Director: Hideaki Anno, Masayuki, Kazuya Tsurumaki
Screenplay: Hideaki Anno
Cast: Megumi Ogata, Megumi Hayashibara, Kotono Mitsuishi, Misato Katsuragi
Producers: Toshimichi Otsuki
Distributor: FUNimation Entertainment


The premise may seem like a very familiar one to fans of Japanese animation. A lonely, awkward teenage boy. A father who’s distant both emotionally and physically, wrapped up in a top-secret military project. A gigantic, anthropomorphic weapon-suit. A terrifying, globe-threatening invasion by mysterious, unstoppable alien forces. Assemble all elements, hit the ignition and cue the spectacular, catastrophic combat. When the NEON GENESIS EVANGELION anime-and-manga franchise debuted on TV Tokyo and in SHONEN ACE magazine in the mid-’90s, it knocked the otaku world for a loop. The standard-issue anime concept described above had been blown apart, thoroughly examined and reassembled into something far more substantial and challenging—morally, emotionally, intellectually, aesthetically—than ever before.

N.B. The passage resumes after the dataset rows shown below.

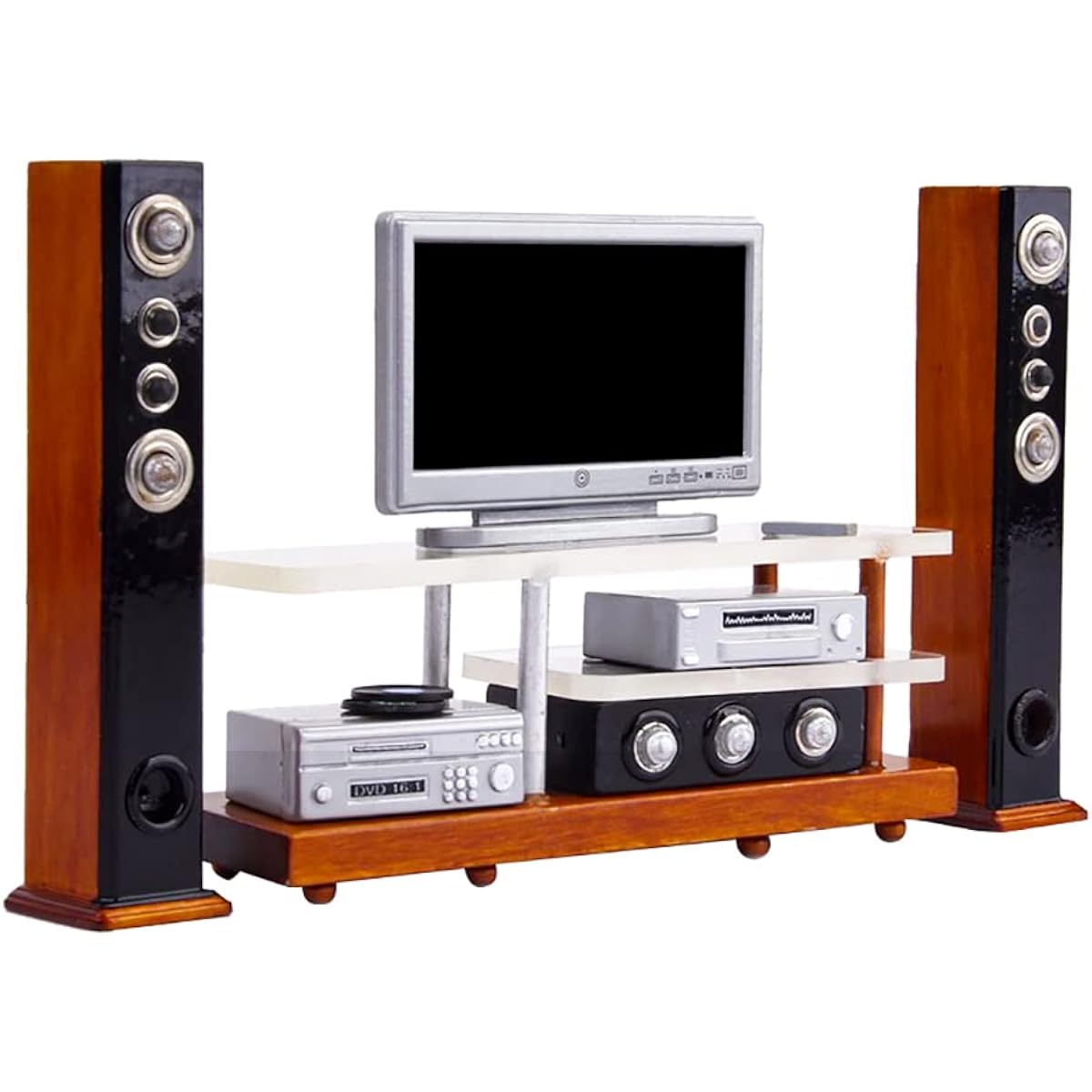 Hiawbon 1:12 Scale Mini House Miniature TV Cabinet Set Miniature House Mini Living Room Furniture Accessories White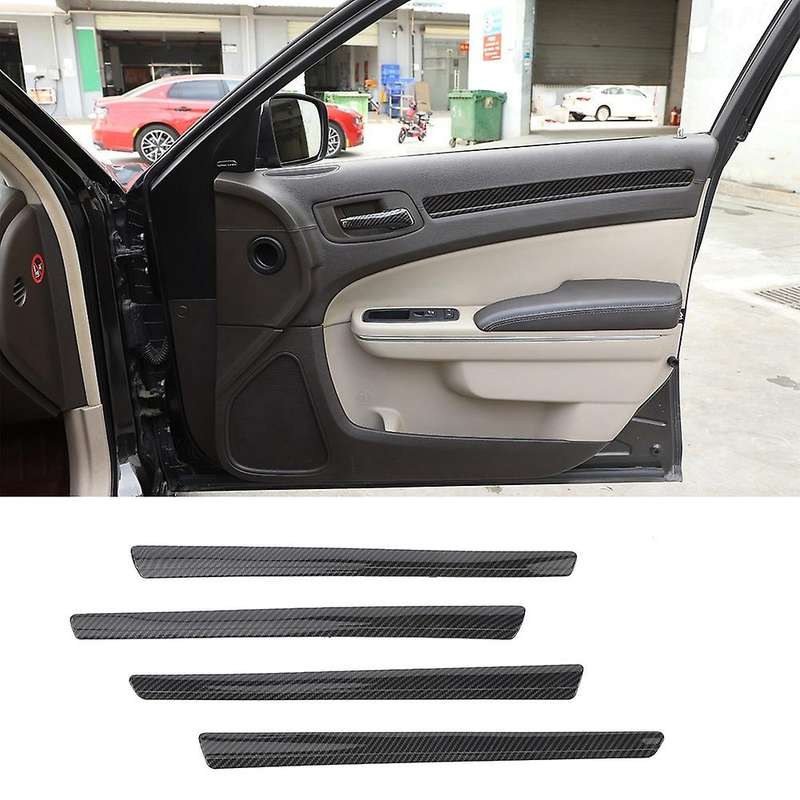for 300C 2011+ Carbon Fiber Car Inner Door Strip Cover Trim Decoration Sticker Interior Accessories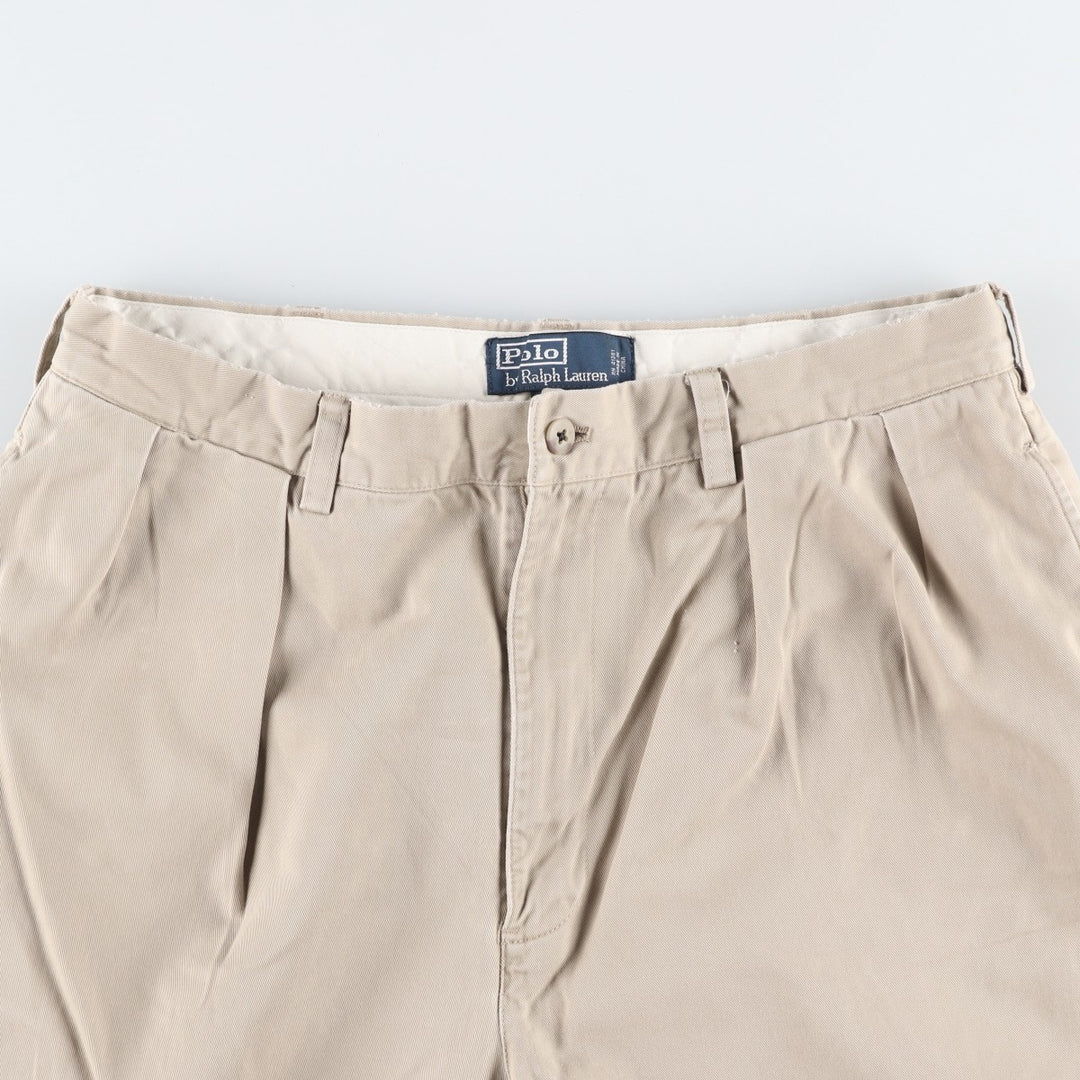 Ralph Lauren POLO by Ralph Lauren ANDREW PANT Two-pleat chino pants for men, equivalent to W33 cotton Beige type Vintage Second Hand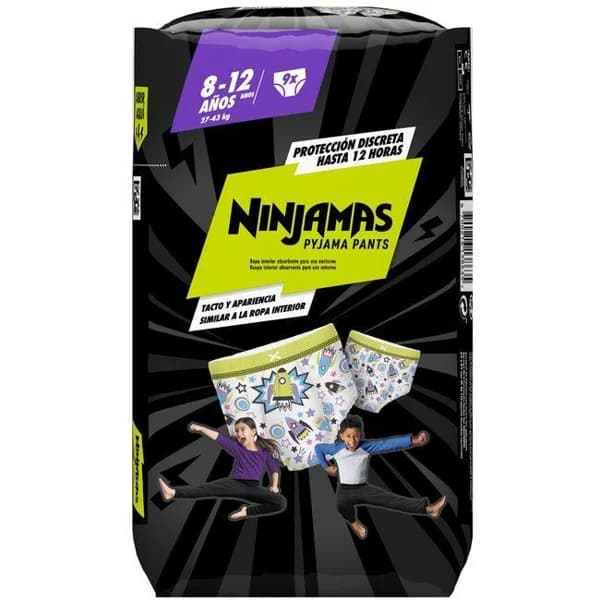 Ninjamas 27-43 kg Talla 8-12 años DODOT COHETE, paquete 9 uds - 9 ud - Imagen del producto en Findit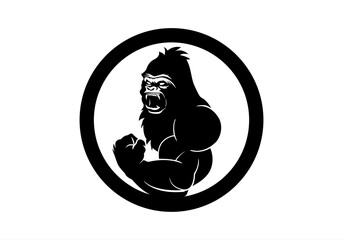 angry, animal, ape, boss, bow tie, cigar, cigarette, club, fitness, gaming, gorilla, gorilla head, gym, icon, illustration, King Kong, logo, mascot, monkey, muscle, pipe, power, silverback, smoke,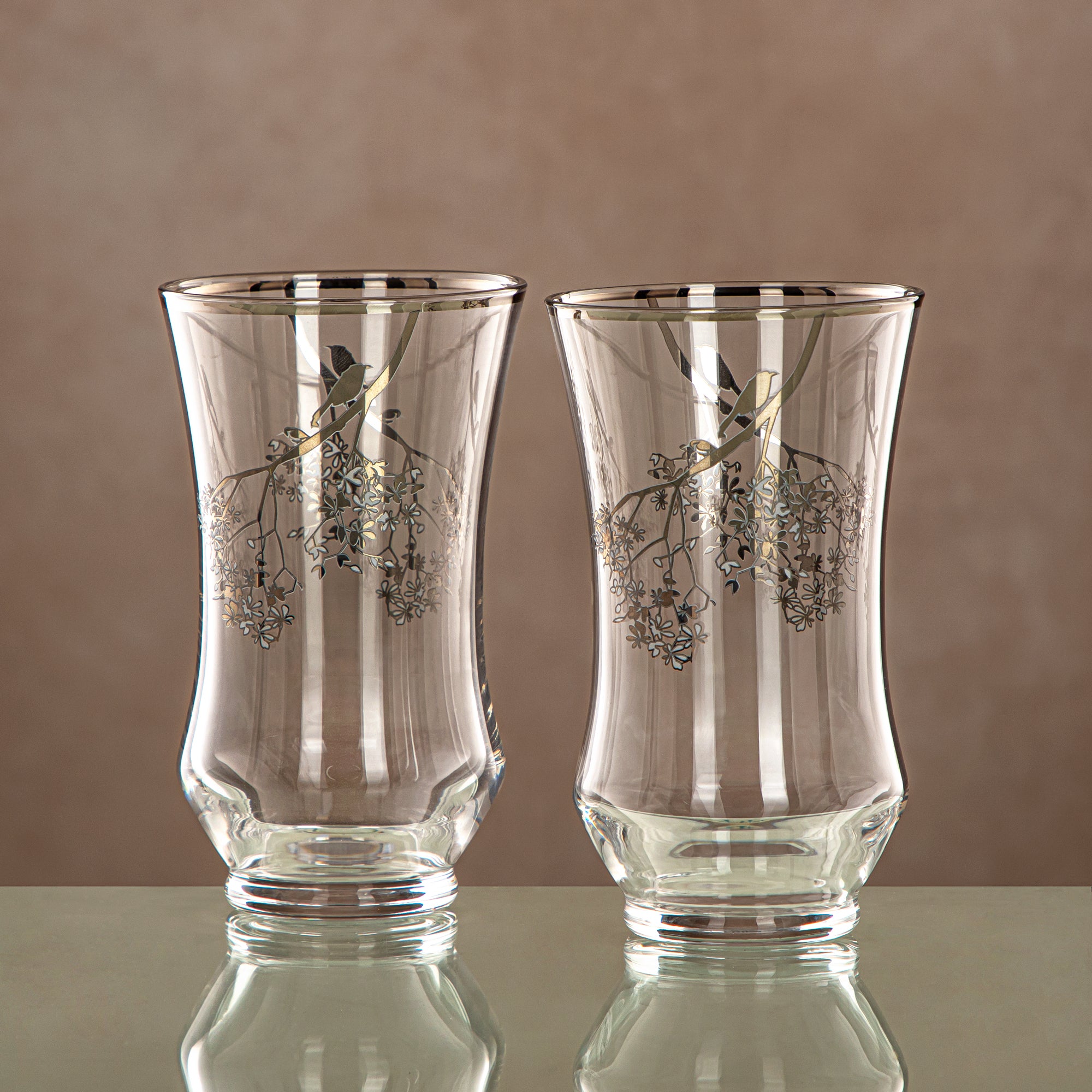 Almarjan Water Tumbler Clear & silver 6 pieces (1152B-XQZT-SIL) Gatherings, special occasions, Ramadan, eid
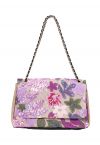 Sequin Floral Embroidered Shoulder Bag in Violet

By the end of the TV series’ run, it had earned major anime awards on one hand and death threats for its guiding hand, Hideaki Anno, on the other.

A decade later, Anno and his team have embarked on an ambitious revisiting and in fact revision of the EVANGELION saga. EVANGELION: 1.0 YOU ARE (NOT) ALONE is the first instalment of four films, a tetralogy entitled REBUILD OF EVANGELION that reconsiders and revamps both the story arc and the standards of the animation in the series (including some breathtaking and seamlessly integrated CG work), reaching back to the initial terrestrial arrival of the supremely destructive Angels, and Shinji Ikari’s introduction to the secrets of his father’s NERV project and fateful acceptance of his role as mind-linked pilot of the powerful, prototypical Evangelion mecha. It’s a complex and often cryptic work whose eye-popping technological intricacy is matched by its dense psychological structure and powerful allegorical content, a film for both longstanding fans of the popular series and neophytes eager to discover what the fuss has been about.